In essence, the Democrats want to hold Trump legally accountable for something he said during a political speech to his supporters on the Ellipse on Jan. 6, 2021, urging them to protest the certification of the election — among other things. This is the very definition of the “outer perimeter” of his official duties, and therefore Trump should be granted immunity.
But the federal judge hearing motions in the case is questioning that immunity.
During a court hearing Monday, Judge Amit Mehta pointed out repeatedly that Trump on January 6 asked the crowd to march to the Capitol, but that he didn’t speak up for two hours asking people to stop the violence.
“The words are hard to walk back,” Mehta said. “You have an almost two-hour window where the President does not say, ‘Stop, get out of the Capitol. This is not what I wanted you to do.'”
“What do I do about the fact the President didn’t denounce the conduct immediately … and sent a tweet that arguably exacerbated things?” the judge asked. “Isn’t that, from a plausibility standpoint, that the President plausibly agreed with the conduct of the people inside the Capitol that day?”
Judge Mehta, appointed to the federal bench in 2014 by President Obama, is apparently not a firm believer in presidential immunity from civil lawsuits.
Members of Congress cannot be sued for anything they say on the chamber floor. And for good reason.
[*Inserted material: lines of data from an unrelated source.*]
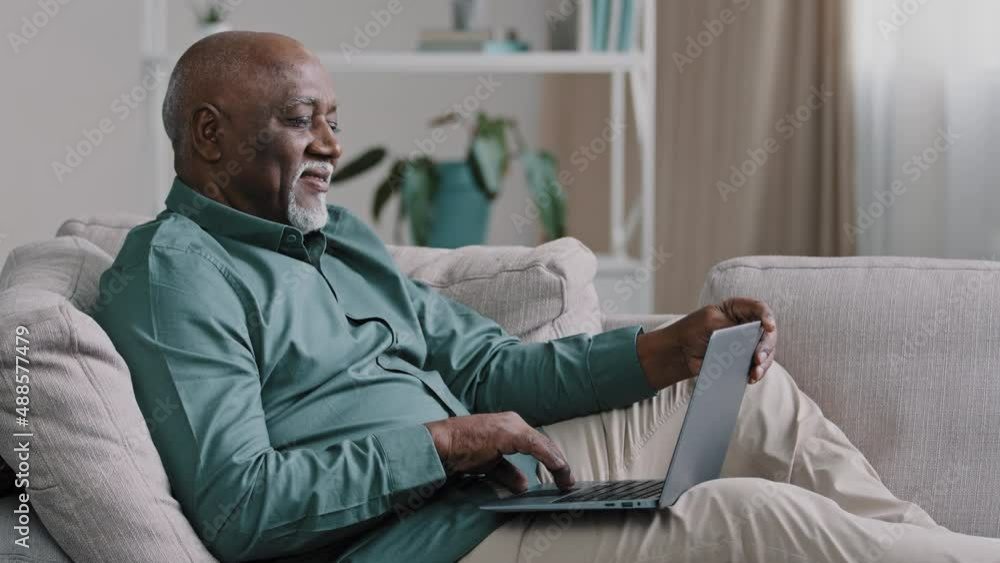 Happy mature pensioner sitting on sofa making internet order using modern laptop african american shopper browsing website smiling carefree elderly grandpa pays bank bills remote communication concept Happy mature pensioner sitting on sofa making internet order using modern laptop african american shopper browsing website smiling carefree elderly grandpa pays bank bills remote communication concept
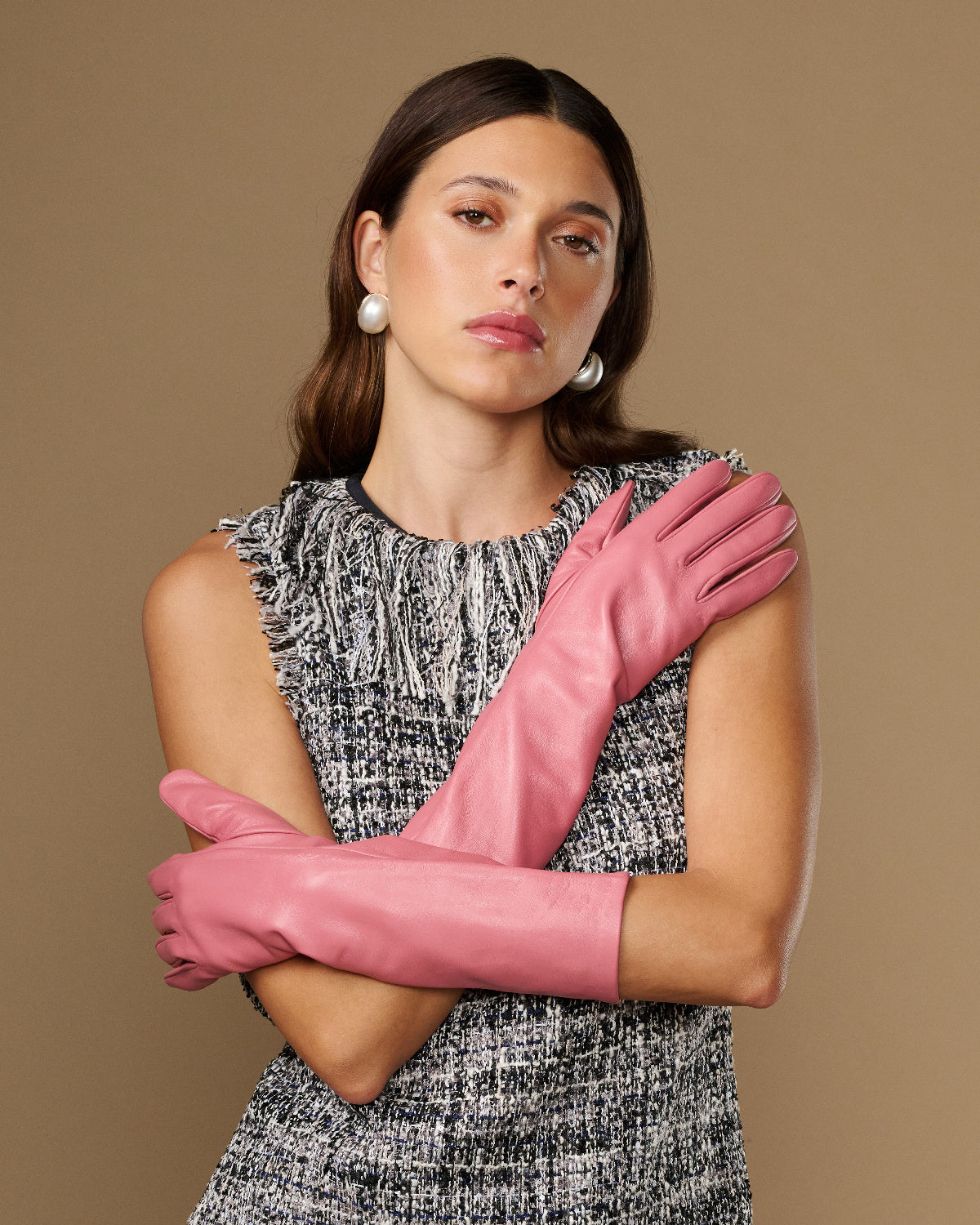 Pink below-elbow leather gloves, smooth fitted style, arms crossed with gloves visible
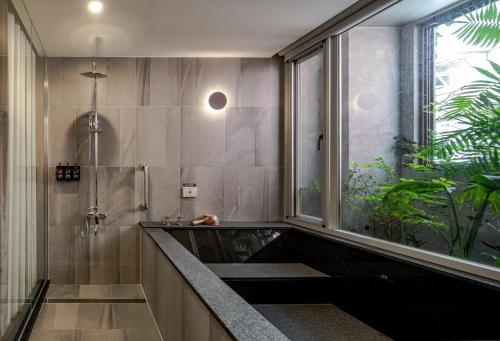 baño con bañera y ducha con ventana en Crownshine Resort, en Jiaoxi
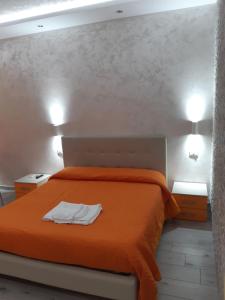 Posteľ alebo postele v izbe v ubytovaní B&B La Colonna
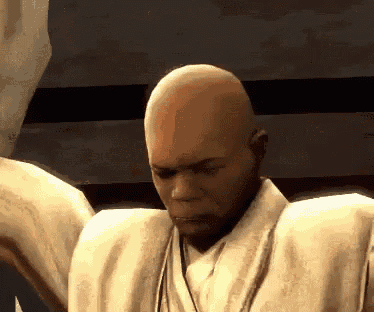 a bald man in a white shirt is looking down at something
Lawmakers would be spending most of their time fighting off lawsuits rather than conducting the people’s business.
It would be even worse for a president. Civil lawsuits would destroy the president’s “institutional personae” and inhibit his actions — a dangerous idea that would have unforeseen consequences. Justice Lewis Powell, writing for the majority in the 1982 Fitzgerald case, made it clear that the court believed that there were other avenues to hold a chief executive accountable for his actions.
A rule of absolute immunity for the President will not leave the Nation without sufficient protection against misconduct on the part of the Chief Executive. There remains the constitutional remedy of impeachment. In addition, there are formal and informal checks on Presidential action that do not apply with equal force to other executive officials. The President is subjected to constant scrutiny by the press. Vigilant oversight by Congress also may serve to deter Presidential abuses of office, as well as to make credible the threat of impeachment. Other incentives to avoid misconduct may include a desire to earn reelection, the need to maintain prestige as an element of Presidential influence, and a President’s traditional concern for his historical stature.
Donald Trump was in office at the time he gave that speech on the ellipse on Jan. 6 — a speech given in the normal performance of his duties as president. The only reason to destroy the idea of presidential immunity from civil lawsuits in this case is to destroy Donald Trump. Since the Democrats fear Trump in 2024, this is in no way an effort to protect the republic, but rather a purely and blatantly political effort to get at the former president and in the process destroy the opposition Republican Party.